Class action lawsuit filed against Tezos alleges fraud and breaches of securities law
Blockchain startup Tezos, which raised $233 million in an initial coin offering in July, is facing more difficulties as a class action lawsuit was filed against it and its founders, alleging fraud and breaches of U.S. securities law.
It’s the second lawsuit filed against it three weeks. The new lawsuit, filed in the U.S. District Court in Florida, alleges Tezos founders Arthur and Kathleen Breitman, Dynamic Ledger Solutions, the company behind the initial coin offering, and the Tezos Foundation, a Swiss-registered body established to promote the technology, sold unregistered securities in violation of federal and state securities laws.
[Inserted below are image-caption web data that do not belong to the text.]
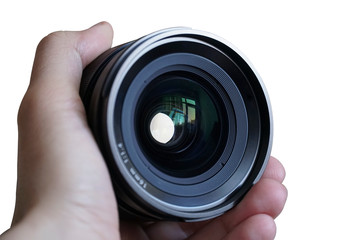 A 16mm prime lens on hand, isolated on white background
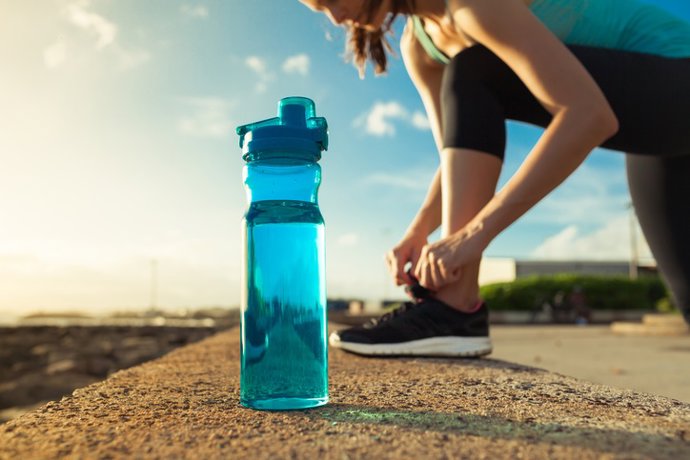 Archivo - Female runner tying her shoes next to bottle of water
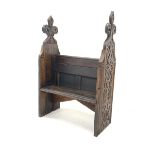 Victorian stained oak single seat pew, with profusely carved panel end supports, W88cm, H133cm, D41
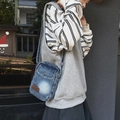Vertical blue denim crossbody bag featuring vintage washed texture and brown logo patch - Light Blue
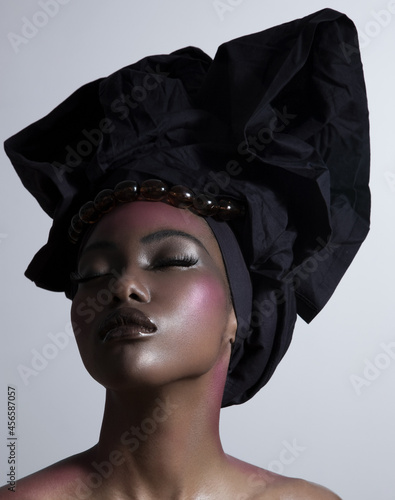 Young woman wearing head tie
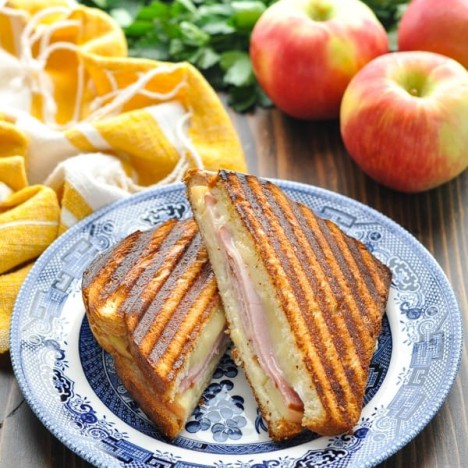 Ham and Cheese Panini Sandwich on a blue and white plate with fresh apples in the background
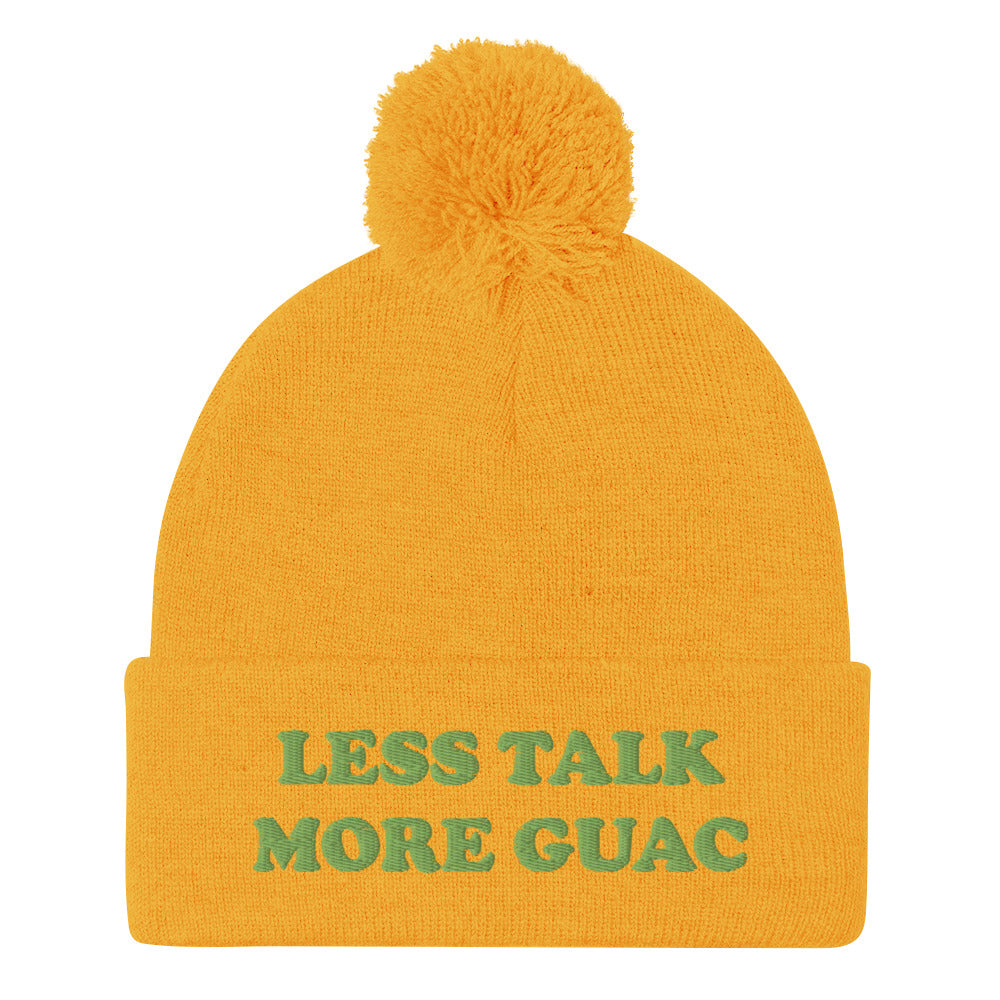 Yellow guacamole beanie with green embroidery. Less talk more guac! Make your priorities clear in this unique guacamole beanie hat. It's a classic pom pom beanie with a funky foodie yellow embroidery. This funny food quote hat is a perfect foodie beanie or unique gift for guacamole lovers. Now you can wear a funky guacamole quote hat and eat guacamole in style.
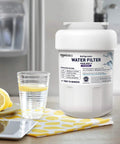 Replacement GE MWF Water Filter Cartridge For GE And Kenmore Refrigerators on a kitchen counter with glass of lemon water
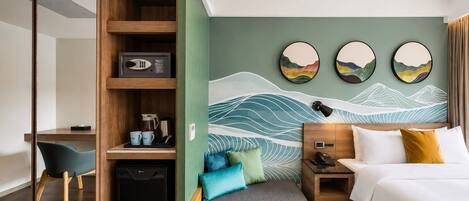 A hotel room with a bed, bedside table, desk, chair, and a wall with artwork.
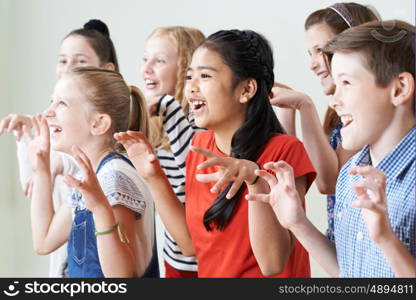 Group Of Children Enjoying Drama Club Together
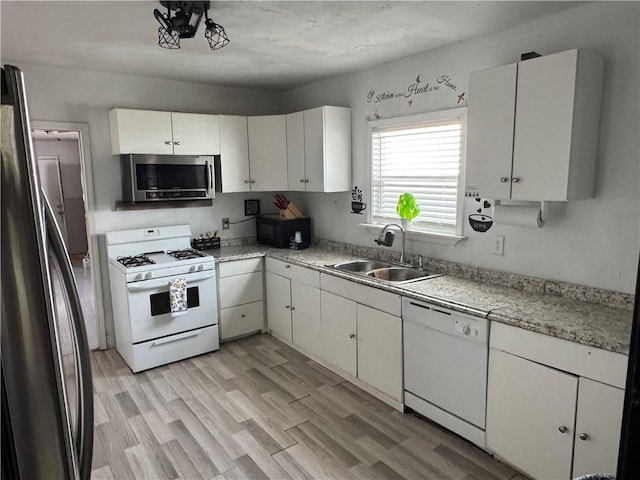 2903 Arlington St, Jefferson, LA 70121 - kitchen with stainless steel appliances, light countertops, light wood-type flooring, and white cabinetry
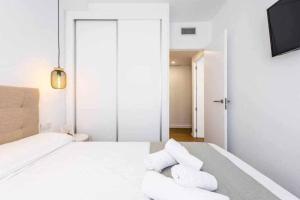 Łóżko lub łóżka w pokoju w obiekcie Precioso apartamento en el centro de Nerja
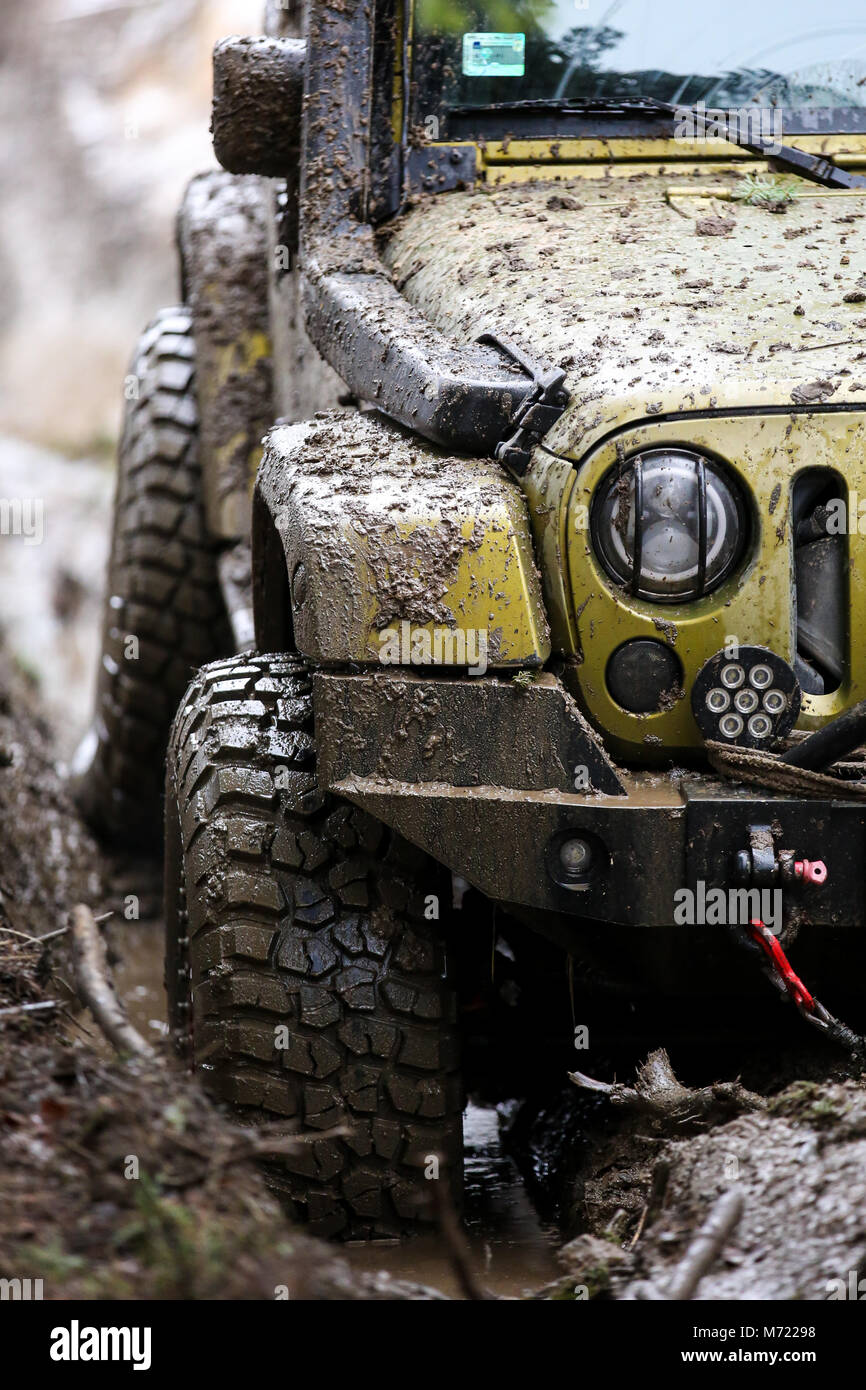 Jeep in mud Stock Photo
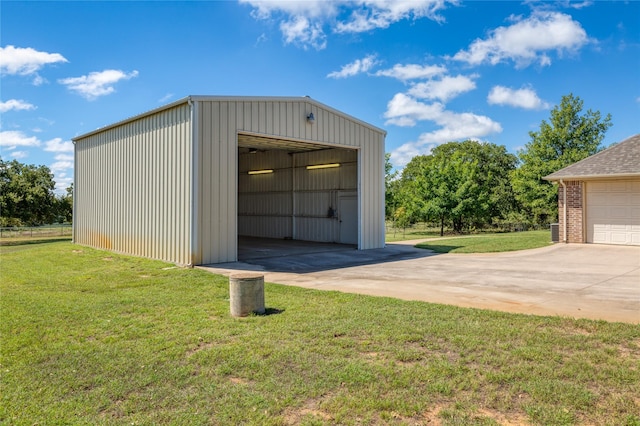 garage featuring a lawn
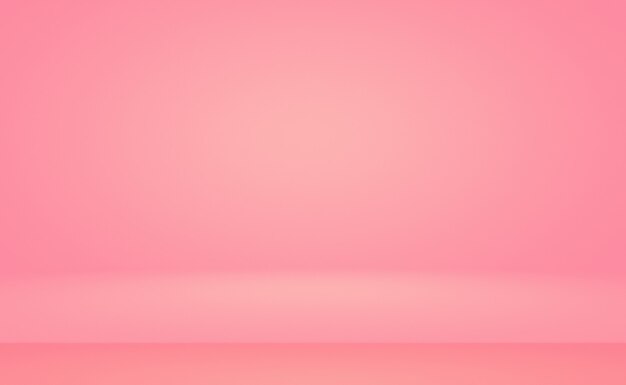 Abstract empty smooth light pink studio room background use as montage for product displaybannertemp...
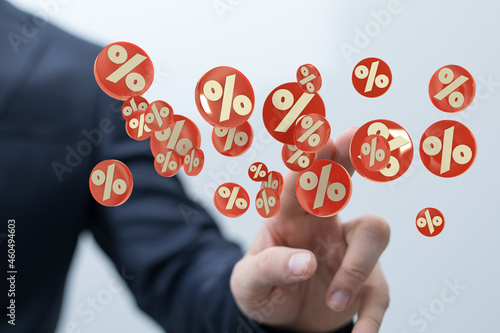 sale digital percent in hand.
Further, the lawsuit claims that the defendants fraudulently and deceptively marketing the sale of “Tezzies,” the token offered in the ICO, as equity investments when they were instead filed as charitable contributions, allowing the defendants to pocket “tens of millions of dollars” for themselves. The previous lawsuit, filed Oct. 25, made similar claims, alleging that the initial coin offering violated securities laws and defrauded participants.
Both come as the company itself continues to implode from infighting among its founders and supporters that was first revealed Oct. 19. That battle involves a dispute between founders Arthur and Kathleen Breitman and Johann Gevers, president of the Tezos Foundation.
The Breitmans are demanding that Gevers be removed from his role because of alleged “self-dealing, self-promotion and conflicts of interest” and that they instead should be given a position on the foundation board, while Gevers claims that the Breitman’s are part on “an illegal coup” on his position at the foundation and that they have been trying to control the foundation as if it were their own private entity by bypassing the foundation’s legal structure and interfering with management and operations.
Publicly addressing the dispute Oct. 25 at the Money 20/20 financial technology conference in Las Vegas, the Breitmans went out of their way to reassure attendees, which included some Tezos investors, that the company’s $232 million digital coin offering will overcome the latest difficulties. Kathleen Breitman said that “there’s not any critical jeopardy to the project,” and that while the dispute “stinks,” they believe it will “blow over.”
With two lawsuits now filed and potentially more on their way, it’s highly unlikely that the drama involving the company will be blowing over anytime soon.